About this exercise:
Every record below is to be retyped exactly, with the pictures left out.
____ Input
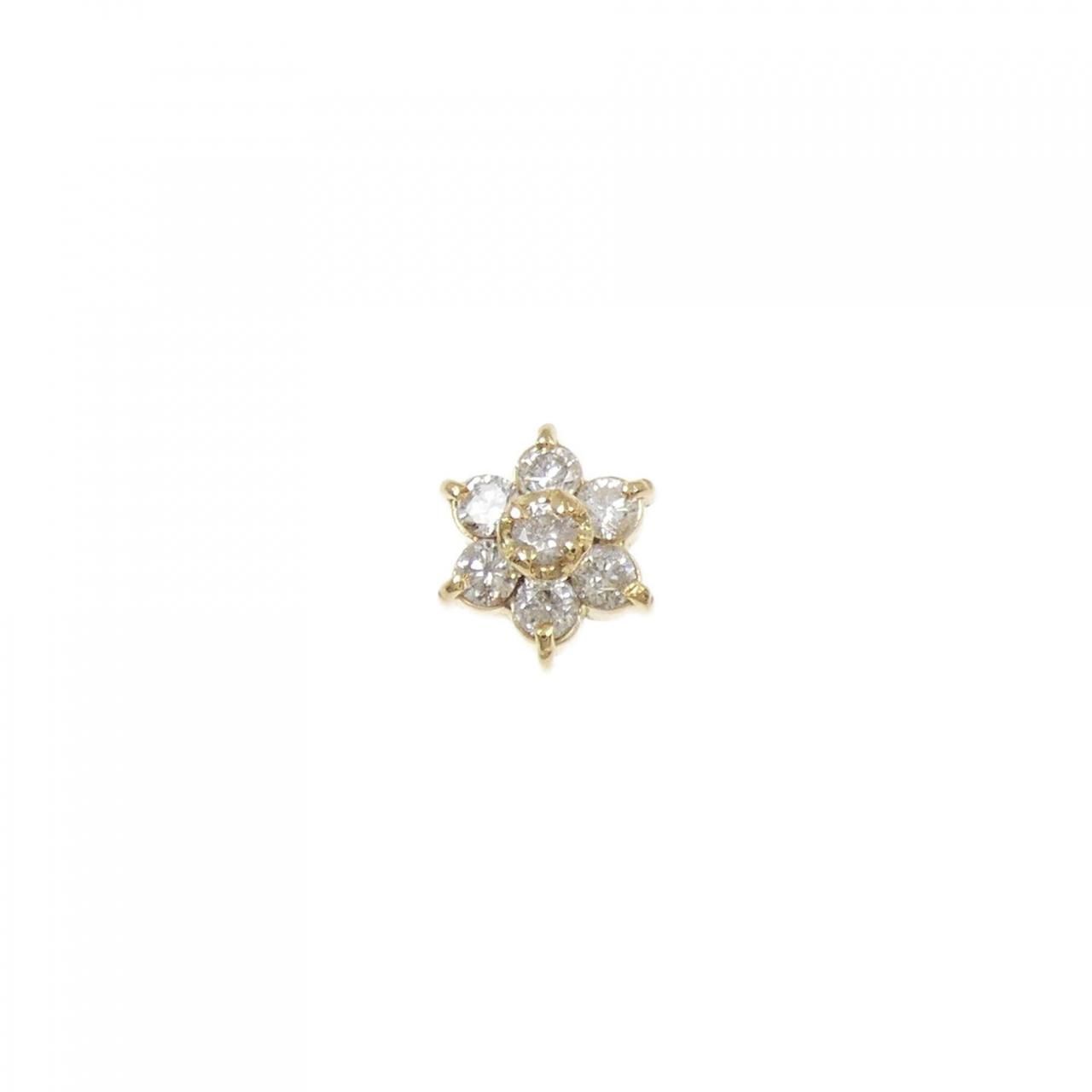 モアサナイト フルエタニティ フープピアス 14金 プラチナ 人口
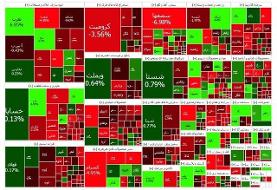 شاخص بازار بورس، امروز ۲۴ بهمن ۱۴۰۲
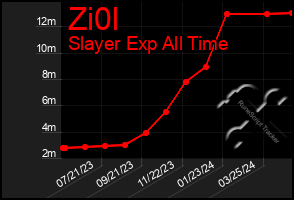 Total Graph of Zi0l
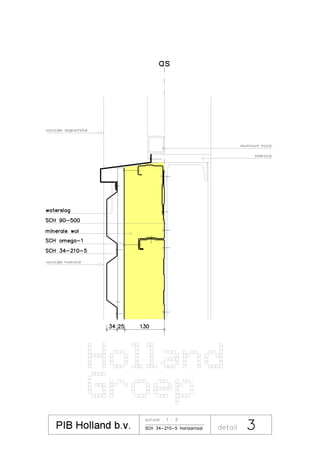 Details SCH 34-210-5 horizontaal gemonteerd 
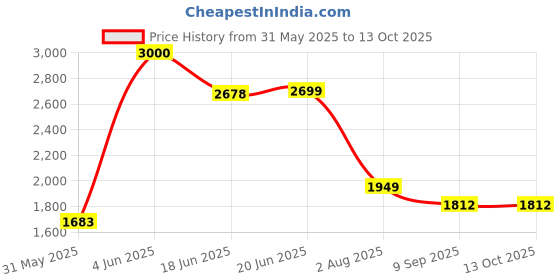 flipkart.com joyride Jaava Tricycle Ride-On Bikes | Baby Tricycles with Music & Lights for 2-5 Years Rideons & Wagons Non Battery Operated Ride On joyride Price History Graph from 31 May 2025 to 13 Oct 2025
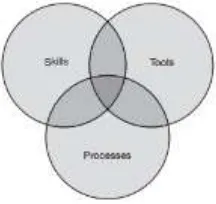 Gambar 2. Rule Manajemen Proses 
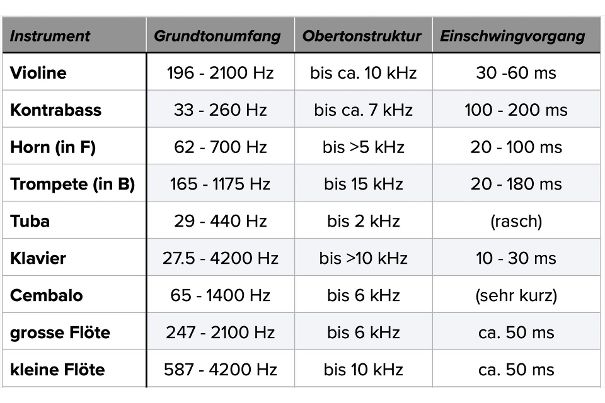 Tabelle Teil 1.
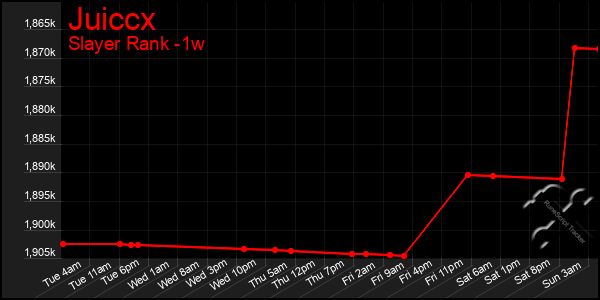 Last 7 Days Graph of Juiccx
________
Answer box:
 モアサナイト フルエタニティ フープピアス 14金 プラチナ 人口
 شاخص بازار بورس، امروز ۲۴ بهمن ۱۴۰۲
 Total Graph of Zi0l
 Details SCH 34-210-5 horizontaal gemonteerd 
 flipkart.com joyride Jaava Tricycle Ride-On Bikes | Baby Tricycles with Music & Lights for 2-5 Years Rideons & Wagons Non Battery Operated Ride On joyride Price History Graph from 31 May 2025 to 13 Oct 2025
 Gambar 2. Rule Manajemen Proses 
 Tabelle Teil 1.
 Last 7 Days Graph of Juiccx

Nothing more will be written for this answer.